_MATERIAL FOR THIS TASK_.
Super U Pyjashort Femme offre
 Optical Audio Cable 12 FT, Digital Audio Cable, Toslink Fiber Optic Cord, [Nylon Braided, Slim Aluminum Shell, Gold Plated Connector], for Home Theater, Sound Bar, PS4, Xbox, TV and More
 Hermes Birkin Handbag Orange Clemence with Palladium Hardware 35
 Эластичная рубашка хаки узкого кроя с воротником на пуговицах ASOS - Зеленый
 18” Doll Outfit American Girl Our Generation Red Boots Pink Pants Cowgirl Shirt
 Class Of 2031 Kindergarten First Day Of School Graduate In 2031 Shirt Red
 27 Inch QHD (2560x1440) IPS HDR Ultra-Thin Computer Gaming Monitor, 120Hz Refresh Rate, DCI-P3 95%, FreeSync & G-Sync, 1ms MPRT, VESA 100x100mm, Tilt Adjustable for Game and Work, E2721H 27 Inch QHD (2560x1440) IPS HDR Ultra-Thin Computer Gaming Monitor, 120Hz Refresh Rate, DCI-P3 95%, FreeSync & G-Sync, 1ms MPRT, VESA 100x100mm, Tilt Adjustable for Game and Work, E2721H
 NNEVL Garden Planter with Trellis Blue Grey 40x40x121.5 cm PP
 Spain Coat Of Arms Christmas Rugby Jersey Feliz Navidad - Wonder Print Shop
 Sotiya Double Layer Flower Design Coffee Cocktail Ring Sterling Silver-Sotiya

_EXERCISE GOAL_.
Retype word for word the line above with "NNEVL Garden Planter" and all lines after it, nothing else.

_RESPONSE_.
 NNEVL Garden Planter with Trellis Blue Grey 40x40x121.5 cm PP
 Spain Coat Of Arms Christmas Rugby Jersey Feliz Navidad - Wonder Print Shop
 Sotiya Double Layer Flower Design Coffee Cocktail Ring Sterling Silver-Sotiya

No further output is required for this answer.